→ EXERCISE PROMPT: Set down each record below exactly as it stands. Pictures are not part of the copy.

┌────────

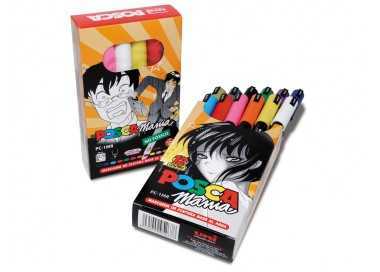 Rotulador uni posca pc-1mr marcador de pintura punta extrafina 0,7 mm caja mania de 12 unidades colores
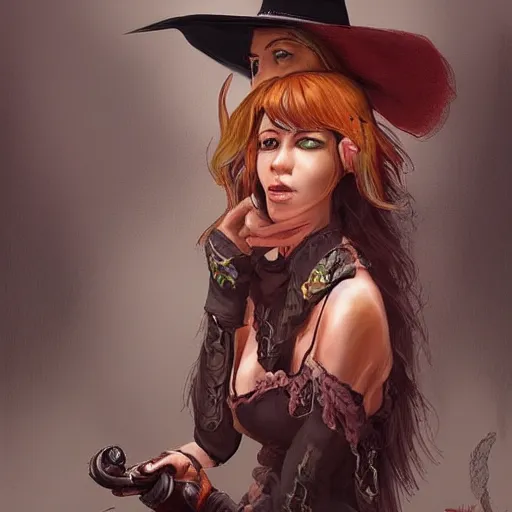 Prompt: beautiful cowboy witch, wild west, detailed, concept art, trending on artstation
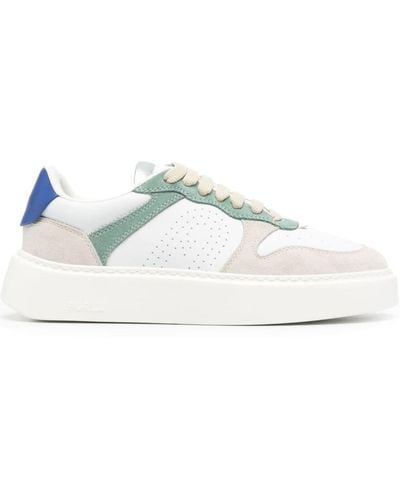 Furla Panelled Leather Chunky Trainers - White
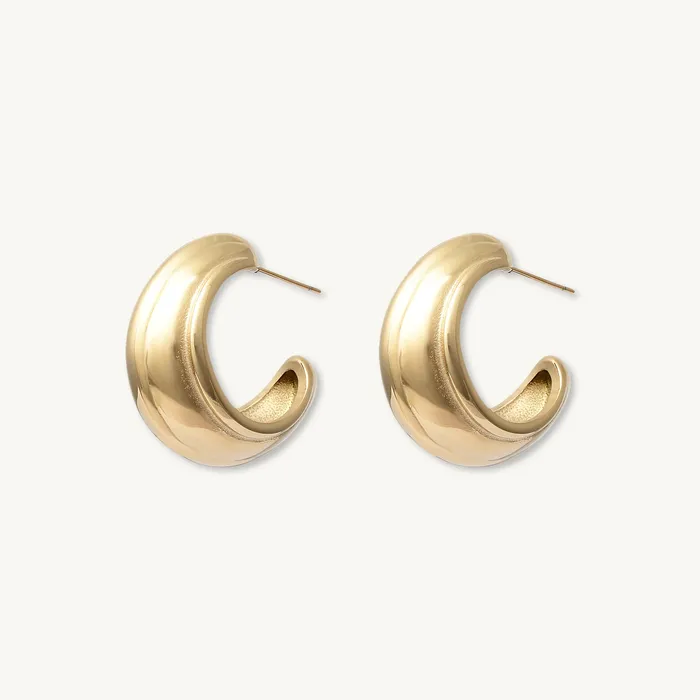 Camile Stone Earrings Kiera Dome Huggie Earrings
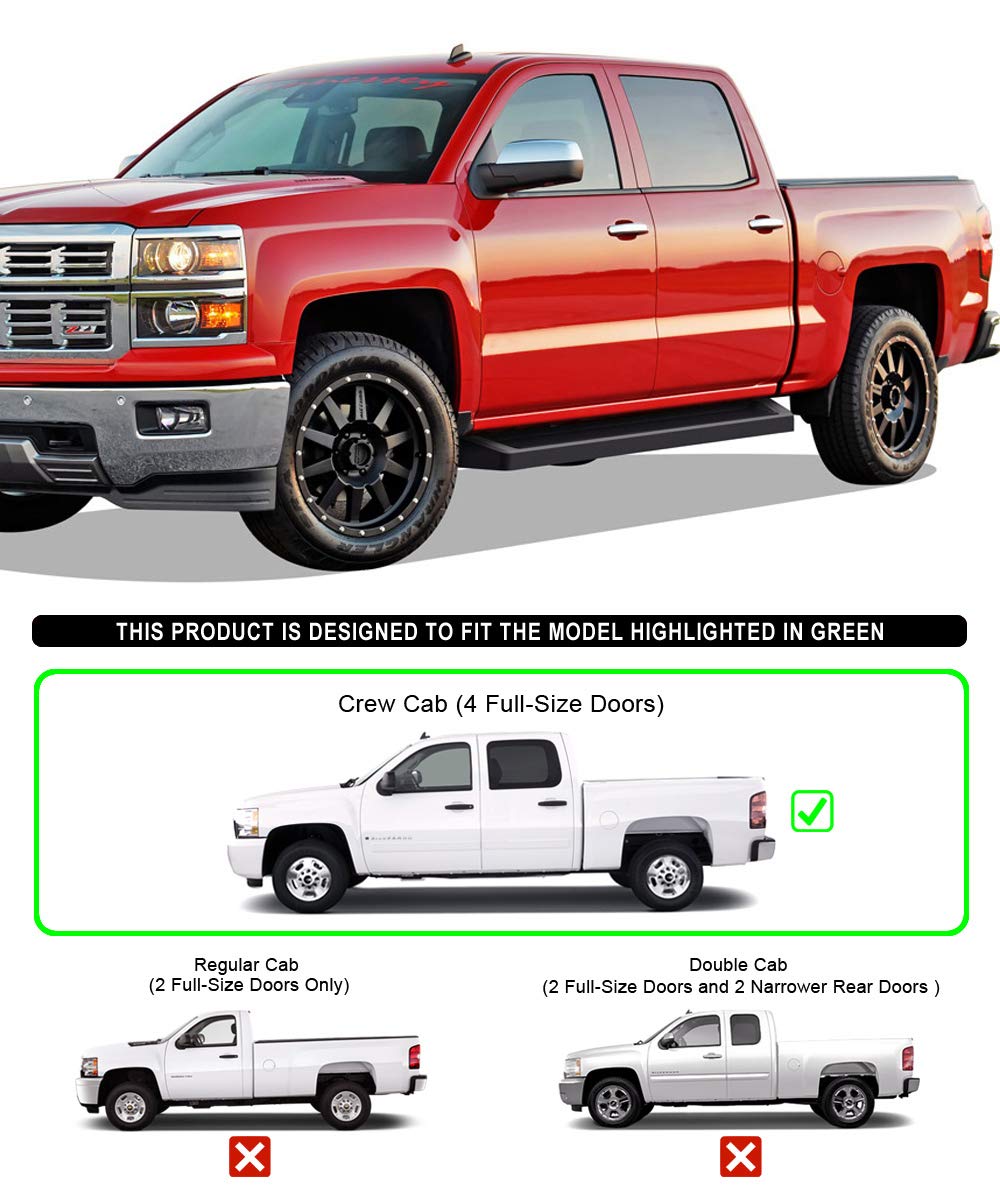 APS Running Boards (Nerf Bars Side Steps Step Bars) Compatible with Chevy Silverado GMC Sierra 1500 2500 3500 2001-2006 Crew Cab & Classic 07 (Black Powder Coated Running Board Style)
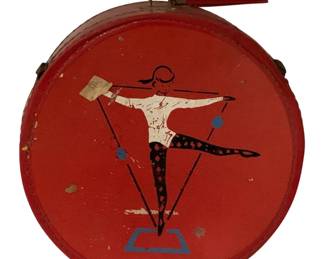 494 - Vtg Round Children's Suitcase w/ ballerina graphic (Description): Contents included. Measures 4.5" x 11" x 12".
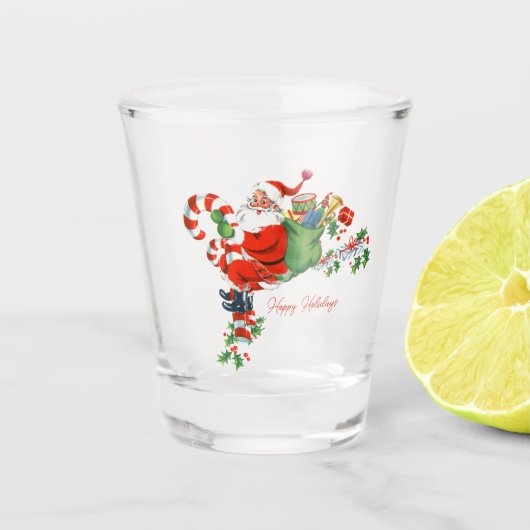 ヴィンテージサンタクリスマスレトロクラシック ショットグラス (正面)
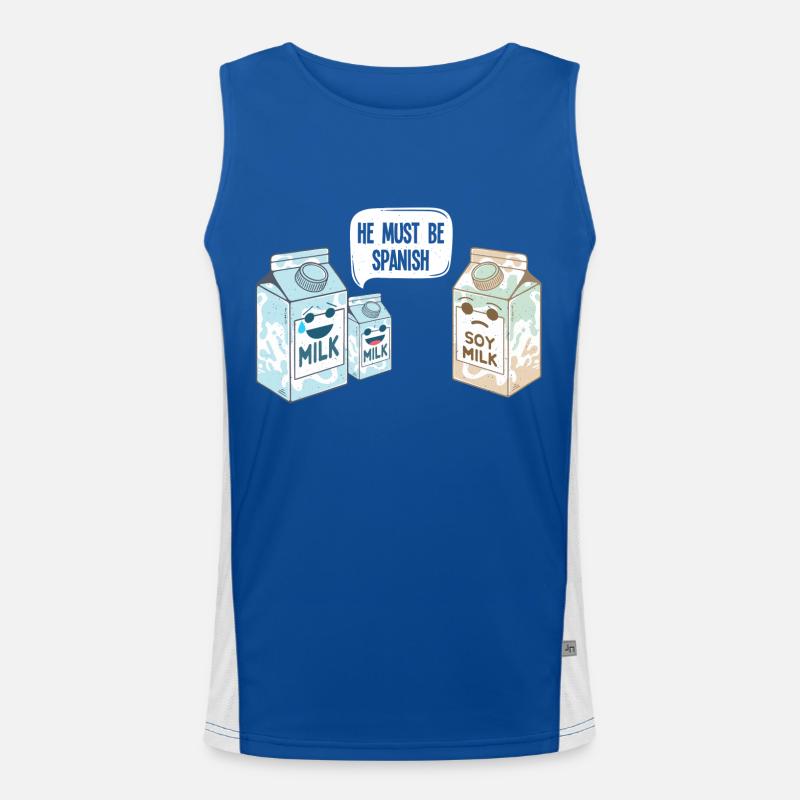 Sojamilch - Soy Milk spanisch Funktionelles Kontrast-Tank Top für Männer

└────────

→ ANSWER:
 Rotulador uni posca pc-1mr marcador de pintura punta extrafina 0,7 mm caja mania de 12 unidades colores
 Prompt: beautiful cowboy witch, wild west, detailed, concept art, trending on artstation
 Furla Panelled Leather Chunky Trainers - White
 Camile Stone Earrings Kiera Dome Huggie Earrings
 APS Running Boards (Nerf Bars Side Steps Step Bars) Compatible with Chevy Silverado GMC Sierra 1500 2500 3500 2001-2006 Crew Cab & Classic 07 (Black Powder Coated Running Board Style)
 494 - Vtg Round Children's Suitcase w/ ballerina graphic (Description): Contents included. Measures 4.5" x 11" x 12".
 ヴィンテージサンタクリスマスレトロクラシック ショットグラス (正面)
 Sojamilch - Soy Milk spanisch Funktionelles Kontrast-Tank Top für Männer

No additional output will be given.